[PROVIDED DATA]

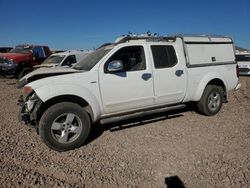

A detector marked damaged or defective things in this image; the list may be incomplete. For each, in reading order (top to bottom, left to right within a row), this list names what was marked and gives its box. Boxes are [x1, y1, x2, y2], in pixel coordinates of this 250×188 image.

crumpled hood [17, 67, 81, 88]
damaged front end [17, 88, 42, 129]
damaged wheel [38, 102, 90, 152]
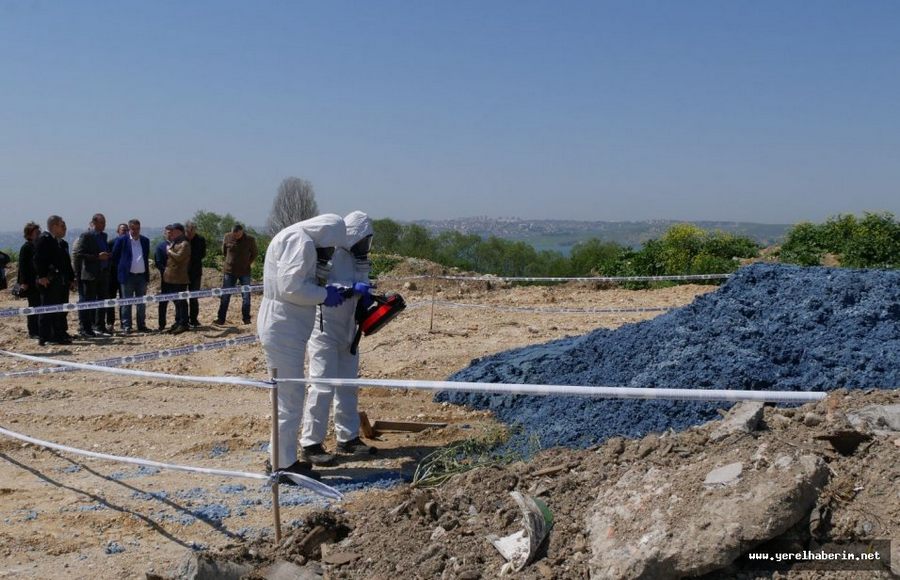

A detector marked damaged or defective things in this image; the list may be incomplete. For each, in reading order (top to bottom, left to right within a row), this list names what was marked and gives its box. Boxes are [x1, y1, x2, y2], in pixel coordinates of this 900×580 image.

broken concrete slab [712, 402, 768, 442]
broken concrete slab [848, 406, 896, 432]
broken concrete slab [708, 464, 740, 488]
broken concrete slab [588, 454, 828, 580]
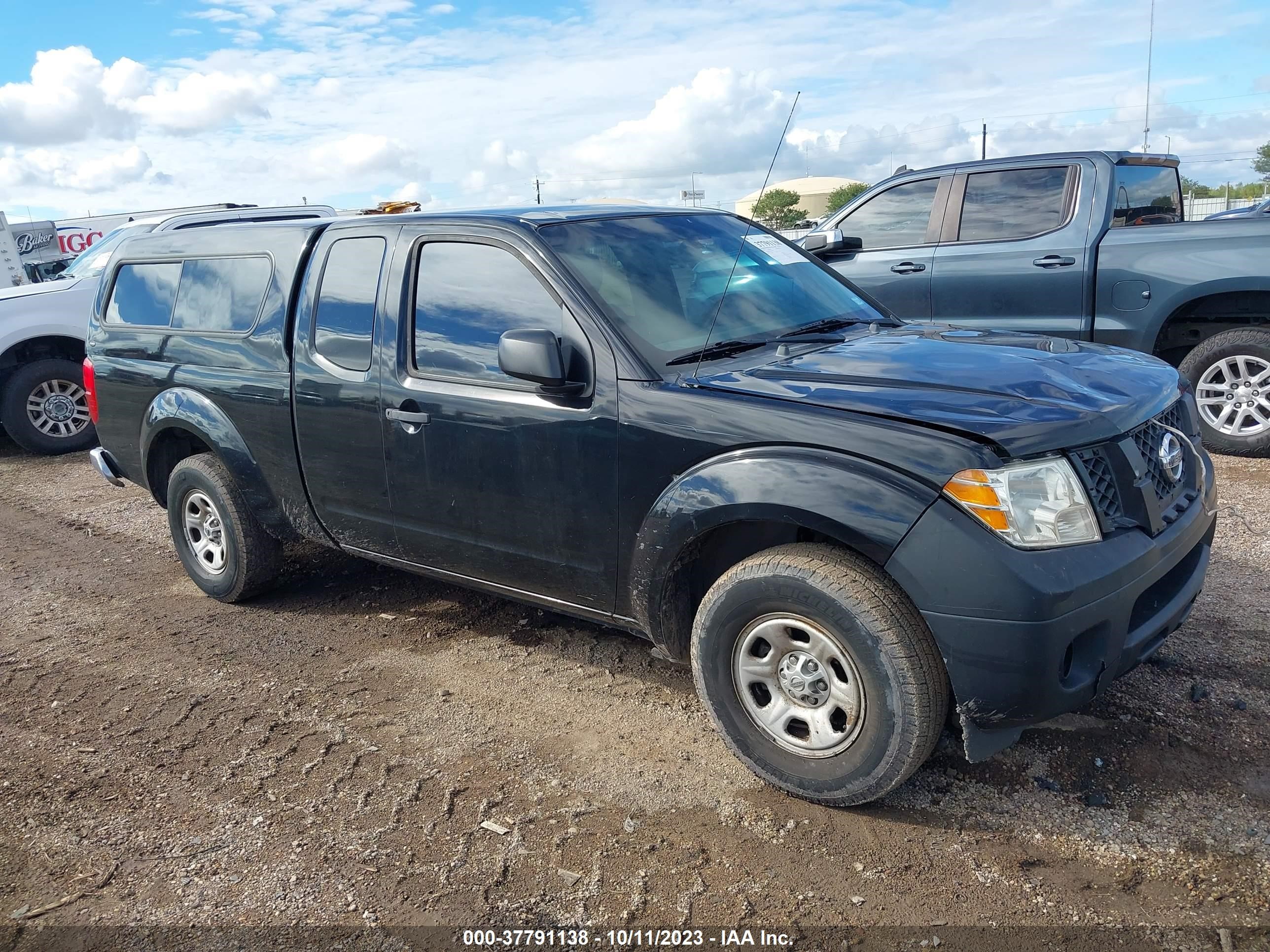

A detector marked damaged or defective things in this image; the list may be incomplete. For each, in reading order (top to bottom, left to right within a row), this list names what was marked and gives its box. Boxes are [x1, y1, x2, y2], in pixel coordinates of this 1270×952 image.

dented hood [701, 325, 1183, 459]
damaged front bumper [883, 459, 1219, 766]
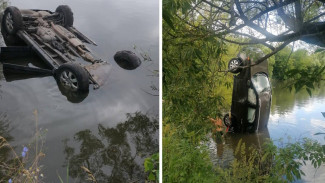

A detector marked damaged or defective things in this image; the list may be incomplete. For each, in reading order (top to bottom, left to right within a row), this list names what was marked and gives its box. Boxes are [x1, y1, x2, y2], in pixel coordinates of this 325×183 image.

overturned car [1, 5, 140, 92]
overturned car [223, 47, 270, 133]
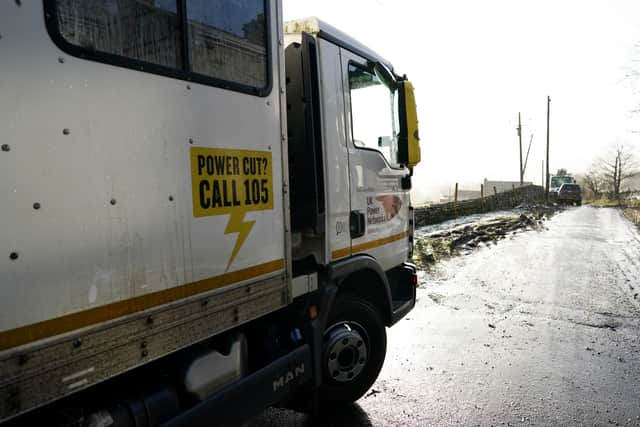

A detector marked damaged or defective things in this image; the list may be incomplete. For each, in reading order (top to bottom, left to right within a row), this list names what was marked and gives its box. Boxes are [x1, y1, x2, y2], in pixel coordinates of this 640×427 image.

storm damage debris [412, 206, 556, 270]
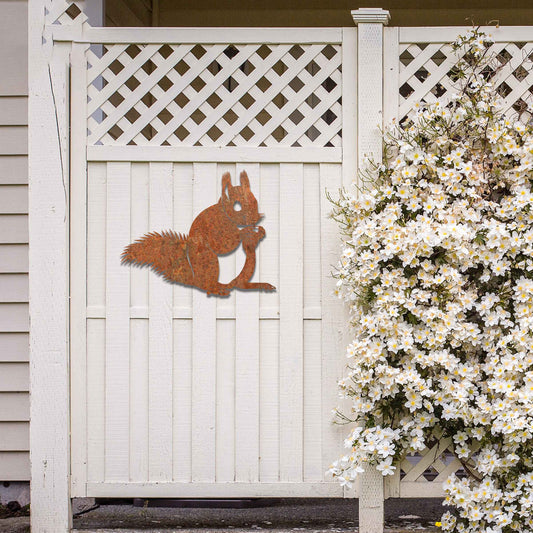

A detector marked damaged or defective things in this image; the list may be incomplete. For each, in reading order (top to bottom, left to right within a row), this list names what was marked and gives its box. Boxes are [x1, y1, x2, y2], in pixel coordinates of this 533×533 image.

rusty metal squirrel ornament [122, 170, 276, 296]
rusted metal surface [122, 170, 276, 296]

[/PROVIDED DATA]

TASK BRIEF. Please write out the lines above, beginning at the line with "this 640×427 image." and ending at the last line of the records, exactly as they appear and without pictures.

SOLUTION FOR THIS PROBLEM.
A detector marked damaged or defective things in this image; the list may be incomplete. For each, in reading order (top to bottom, left to right within a row), this list names what was marked and gives its box. Boxes are [x1, y1, x2, y2], in pixel coordinates of this 640×427 image.

storm damage debris [412, 206, 556, 270]

A detector marked damaged or defective things in this image; the list may be incomplete. For each, in reading order (top to bottom, left to right within a row), this list names what was marked and gives its box. Boxes are [x1, y1, x2, y2], in pixel coordinates of this 533×533 image.

rusty metal squirrel ornament [122, 170, 276, 296]
rusted metal surface [122, 170, 276, 296]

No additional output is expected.